La ceremonia en sí resultó lo más divertido de todo. Cámara en ristre los mayores se olvidaron de cualquier trascendencia que pudiera tener ese momento y se dedicaron a ejercer de fotógrafos profesionales, provocando nuestras risas y las del pobre concejal que no tenía muy claro si apartarse o posar como un modelo más. Cuando llegó el instante firmas, Lucía, que ya estaba en su salsa, decidió permanecer al lado de los firmantes para que a ninguno se le olvidara dejar por escrito su consentimiento. Creo que, al final, si hubiéramos hecho una encuesta, los presentes habrían confirmado que no habían asistido a ninguna semejante, con tantas risas y tan poco sentido de la responsabilidad. Se olvidaron del arroz (menos mal) pero nos cantaron el ya se han casaó tantas veces y con tantas ganas que en lugar de nueve personas parecíamos todo un batallón.

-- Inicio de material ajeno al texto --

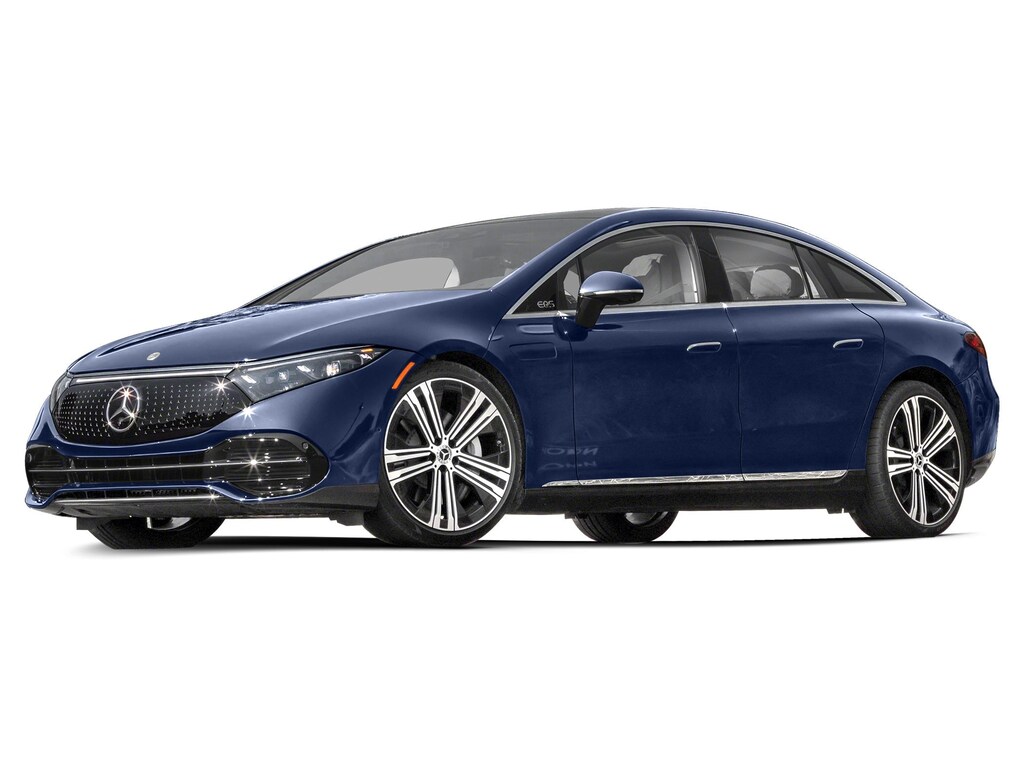 Certified 2024 Mercedes-Benz EQS 450+ Sedan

Durante la comida siguieron las risas, amenizadas, como no puede ser de otra forma cuando hay chiquillos, con un millón de anécdotas. Mario no quería nada, pero, eso sí, educadamente contestaba gracias a todo el mundo. Acabó pasando de silla en silla y jugando con todos, creo que todavía no ha entendido del todo por qué el camarero se llevó sus patatas cuando estábamos con los postres. Su hermana, que ya es mayor, presidió la mesa y estuvo encantadora. Su mejor regalo, hacia mí, fue asegurar que besaba muy bien y preguntarme dónde había aprendido a besar de esa manera. Para finalizar la jornada se transformó en periodista y se encargó de dejar un documento escrito con las impresiones de todos los presentes de día tan trascendental en nuestra vida.

Tras un rato memorable en casa y después de descubrir que mi cuñada domina como nadie el arte de la papiroflexia, cada mochuelo se fue a su olivo y mi plural (por mucho papel que hayamos firmado seguirá siendo mi plural para mi) y yo nos largamos a tomarnos unas copitas, para celebrar que nadie se había matado y que, dentro de lo malo, las risas habían merecido la pena.

Al día siguiente vivimos la segunda parte, enfocada a una única persona que se merece todo y más, que no resultó tan bien como la primera pero que llevaba la misma intención personal de buen rollito y de que pudiera festejar todo el mundo. Por una vez, yo era la tranquila y superé el envite con una sonrisa que me duró hasta las cuatro de la madrugada. Una vez más, y puesto que todos habían decidido marcharse pronto, mi plural y yo decidimos festejar, ya en la intimidad, que nadie se había matado (esta vez sí hubo puñaladas traperas, pero, nada al margen de lo habitual), que la tercera generación estuvo presente y que quedan celebraciones de las Trujis para rato.

Y, ahora, tras dos días intensos de celebrar no sabemos muy bien qué porque, para nosotros, esto lleva ocurriendo desde un día del 2003 en el que nos vimos las caras y todo empezó a ser de dos, puedo decir que hemos recuperado la tranquilidad. Quedarán, para siempre, las sonrisas, los ojos brillantes de aquellos que lo disfrutaron, un brindis muy especial que hizo presentes a dos seres muy queridos que ya no están, y, cómo no, Lluis Llach a mi lado, detalle exclusivo de mi chico que sólo él y yo captamos y que me emocionó tanto que tuve que voltear la cara para que nadie más que él fuera consciente de hasta dónde la pluralidad había llegado.